E.g. NVIDIA’s PTX has multiple cache levels, cache operations and eviction priorities.

ld.global{.cop}.nc{.level::cache_hint}.type                 d, [a]{, cache-policy};
ld.global{.cop}.nc{.level::cache_hint}.vec.type             d, [a]{, cache-policy};

ld.global.nc{.level::eviction_priority}{.level::cache_hint}.type      d, [a]{, cache-policy};
ld.global.nc{.level::eviction_priority}{.level::cache_hint}.vec.type  d, [a]{, cache-policy};

.cop  =                     { .ca, .cg, .cs };     // cache operation
.level::eviction_priority = { .L1::evict_normal, .L1::evict_unchanged,
                              .L1::evict_first, .L1::evict_last, .L1::no_allocate};
.level::cache_hint =        { .L2::cache_hint };

Providing generic “nontemporal” access, would be neither here nor there – it would provide a kind of nontemporal access, but one would still need to use explicit builtins for more fine-grained control. What kind of cache control is available will be target-dependent, so it’s probably not well suited for specifying it via a pragma. Target-specific builtins will still be the main tool for this kind of job.
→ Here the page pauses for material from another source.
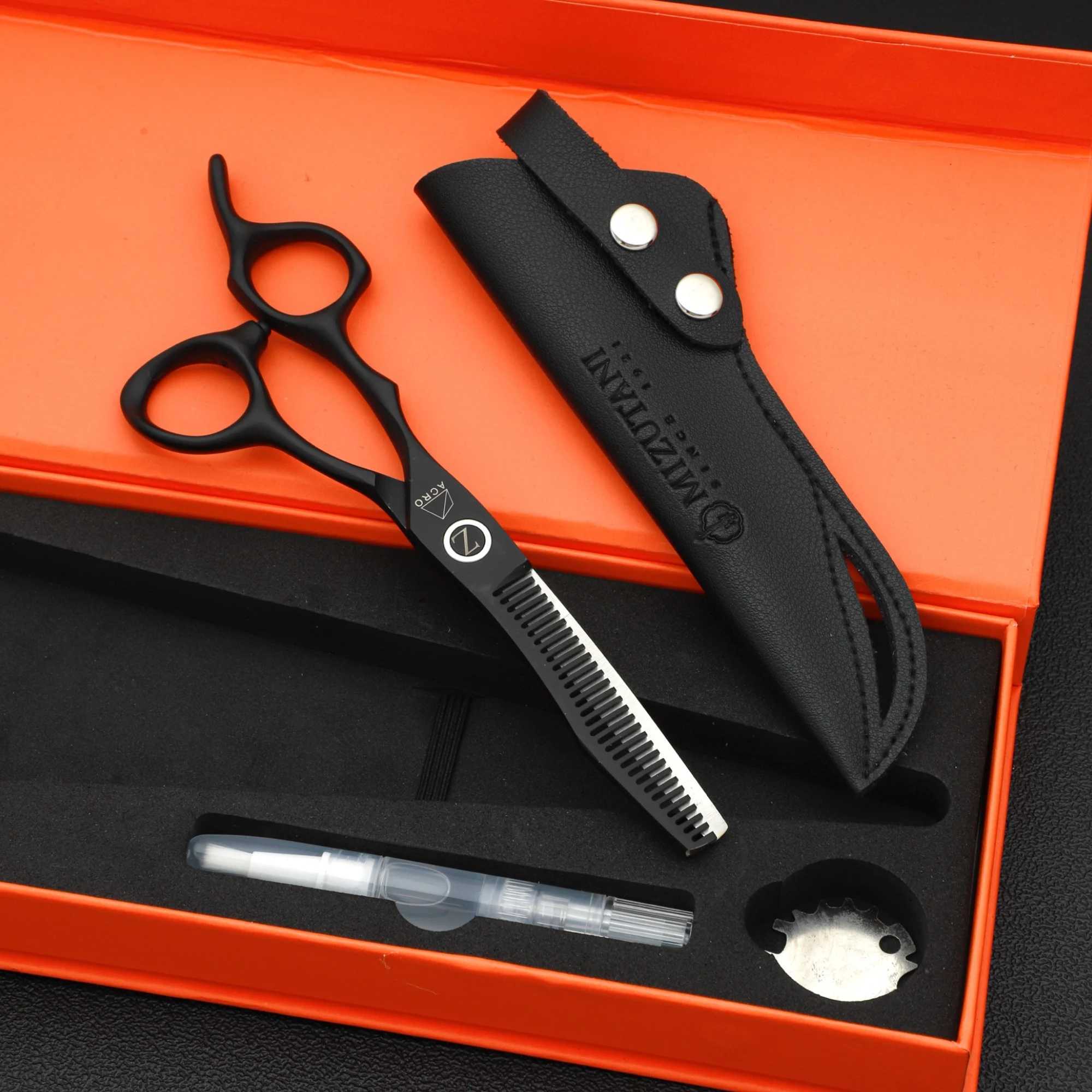 Lefty scissors 6-inch left hand scissors VG10 material left hair thin scissors professional hair salon scissors W241211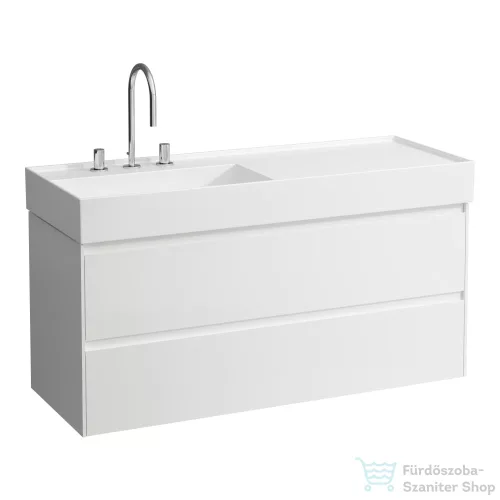 Laufen Lani 120 alsószekrény, 2 fiókkal, H813332 mosdóhoz, fényes fehér H4039721122611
Applying pragma to a single statement does not make whole lot of sense to me.
For starters, it would just add noise – one could just use an appropriate function to do the job and end up with more concise code.

If pragma is applied to a function call and the function is inlined, should the pragma apply to all loads/stores done by the function or not? Should the pragma apply to stack or other temporary loads/stores? Probably not.

Then there’s a question of which loads/stores the pragma will apply to address-space-wise. Not all address spaces provide cacheability control knobs. AFAICT, on NVIDIA GPUs only .global memory has it, but one could use them with generic pointers, assuming that the user guarantees that they do point to global memory. We may not know which AS we’re operating on if the code operates on a pointer in generic AS (the default for CUDA), so the pragma would need to be conservative and would have to ignore a lot of operations which could’ve been made nontemporal explicitly by the user, as the user may be in position to guarantee that the pointers do point to the right kind of memory. So, the effectiveness of such pragma will be somewhat limited in practice. Considering that such data flow micromanagement is usually employed in the hot path, explicit use of builtins would be a better choice.

In short, I can see how such pragma could provide some benefit in some cases, but its overall utility looks questionable to me. IMO pragma is a bit too blunt of a tool for the job.

1 Like

I like the function approach, much more generic and not more user code really.

The proposed pragma is no more portable than the builtin; people will still have to write different code for clang and other compilers to address that. Also, there’s no commonly implemented __has_pragma functionality to test for whether the pragma is supported or not, unlike for the builtin. So I’m not certain the pragma is an improvement over what’s already supported in some regards.